【ソウル=溝田拓士】韓国人元徴用工(旧朝鮮半島出身労働者)訴訟で、日本企業の資産を差し押さえて売却する「現金化」を止める手段として韓国政府が発案したのが、
第三者による債務弁済を定めた韓国民法の「第三者弁済」だ。

 韓国政府傘下の財団が第三者となって、2018年の大法院判決で確定した被告の日本企業の賠償金相当額を原告に支払うものだ。
韓国政府関係者は6日、複数の法律専門家に諮問した結果、「法的に何の問題もない」との結論に達したと記者団に説明した。

 大法院では、新日鉄住金(現・日本製鉄)と三菱重工業を相手取った原告がそれぞれ勝訴した。2社は賠償に応じておらず、
原告は2社の韓国内資産を差し押さえて売却する「現金化」手続きを進めている。
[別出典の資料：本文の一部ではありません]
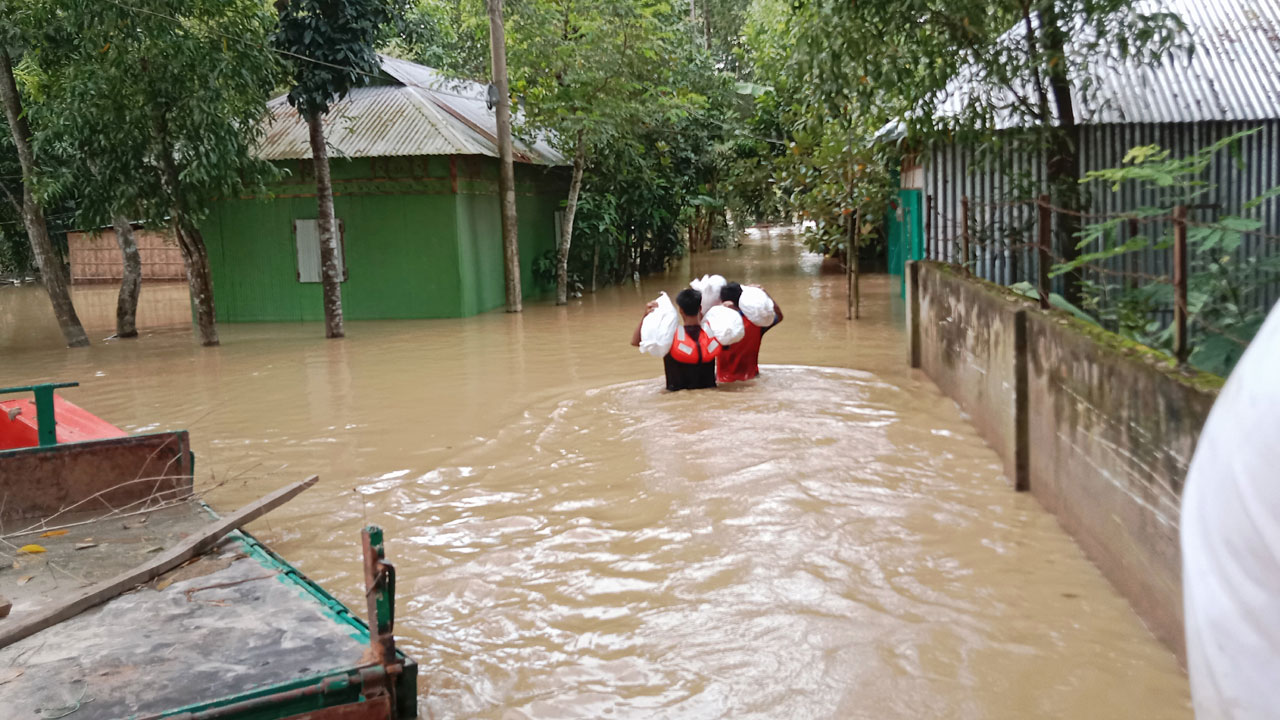 ১১ জেলায় বন্যা : মৃত্যু বেড়ে ৩১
最も先行する三菱重工業の件では、大法院で資産売却命令が確定すれば競売などの手続きに移る段階にきている。

 第三者弁済が成立すれば、原告に対する債務も消えて、資産現金化の懸念も解消できるとの判断だ。
原告が「最後まで受け取りを拒否した場合、(財団が裁判所に)供託することも法理的には可能」という。

 しかし、この解決策で現金化を完全に回避できるとは限らない。

 原告の支援団体は6日、ソウルで記者会見し、今回の解決策を「韓国政府が日本企業の司法的責任を免責させるものだ」と批判し、
今後も現金化に向けた司法手続きを続けると表明した。

 第三者弁済は、債務の性質や当事者の意思表示によって成立しない場合もあり、法解釈が分かれている。
原告には賠償を請求できる権利が残るという。裁判所への供託金をめぐって原告が無効を訴える司法手続きに踏み切る可能性も懸念される。

 韓国政府関係者は「解決策に反対する原告がいる可能性を予想し、多角的、法律的検討をした」と語り、
原告が最後まで受け取りを拒否して法廷闘争を続けた場合の対応についても議論を重ねたことを示唆した。ただ、その具体的な措置については明言を避けた。


 韓国政府は昨年7月、解決に向けた外交努力を説明する意見書を大法院に提出した。これによって今後も現金化を回避し続ける判断を司法府に期待しているとみられる。

 財団は日本企業に弁済分の返還を求める「求償権」を持つことになる。この韓国政府関係者は、現時点で日本側に行使することは「想定していない」と語った。
ただ、これも4年後に政権交代した場合に覆されるシナリオは否定できない。